It's all about the 1s and 0s
Anticipation of an opposing team's actions and the ability to generate advantageous responses is an important feature when advising or controlling a team in an adversarial multi-agent system. Such systems include: complex video games, multi-robot systems, and military scenarios. The first step towards doing this is to observe the opposing team and predict their future actions, so that the system has a chance of selecting or advising the appropriate moves for the observing team to perform.
Theories from psychology and neuroscience provide insights into how the human mind performs such predictions, however, there is a large discontinuity between the theories and an actual implementation in a multi-agent AI system. This thesis bridges the gap between a biologically-inspired cognitive architecture based on the simulation theory of mind, and the implementation in a realistic multi-agent synthetic environment.
The basic simulation-theoretic architecture predicts actions by concurrently executing multiple hypotheses and then by finding the hypothesis that best matches the ongoing observed behaviour. This thesis presents work into operationalising this architecture: firstly by applying it to a custom-made real-time-strategy-style game and overcoming the challenges of this domain, which include, for example, the potentially constantly-changing and concurrently-executing goals, and the adaptation of behaviours to both the synthetic environment and the internal models that perform the simulations; secondly by reducing the computational burden of such a wide action-space through filtering and combining potential hypotheses; and finally by defining an attention mechanism to focus observation resources on the most beneficial areas.
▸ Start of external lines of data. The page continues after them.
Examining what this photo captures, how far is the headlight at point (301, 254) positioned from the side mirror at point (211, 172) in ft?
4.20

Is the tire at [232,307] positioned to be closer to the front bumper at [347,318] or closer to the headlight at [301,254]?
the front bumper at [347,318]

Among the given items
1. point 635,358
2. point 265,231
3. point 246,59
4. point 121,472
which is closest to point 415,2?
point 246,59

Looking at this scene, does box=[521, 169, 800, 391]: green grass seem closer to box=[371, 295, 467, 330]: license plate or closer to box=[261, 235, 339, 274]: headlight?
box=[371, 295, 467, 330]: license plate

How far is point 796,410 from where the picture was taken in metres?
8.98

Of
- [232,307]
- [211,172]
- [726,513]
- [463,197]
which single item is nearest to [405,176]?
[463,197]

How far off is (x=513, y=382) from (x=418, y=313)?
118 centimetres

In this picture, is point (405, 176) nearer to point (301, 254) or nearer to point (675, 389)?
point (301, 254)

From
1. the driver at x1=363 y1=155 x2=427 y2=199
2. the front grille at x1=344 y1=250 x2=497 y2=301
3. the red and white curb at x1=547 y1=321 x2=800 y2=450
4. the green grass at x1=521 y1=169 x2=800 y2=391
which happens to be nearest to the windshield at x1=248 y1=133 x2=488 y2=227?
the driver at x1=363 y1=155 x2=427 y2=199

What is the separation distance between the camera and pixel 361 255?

The system is shown to be able to predict multiple manoeuvres, formations and targets involving the opponent's agents, from observations in large-scale adversarial environments. Considering the combination of the scalability of the architecture and the techniques for reduced usage of computational resources, it becomes more feasible to use such a principled approach on the current generation of hardware, moving away from ad-hoc approaches that rely on arbitrary measures of the opponent's intentions.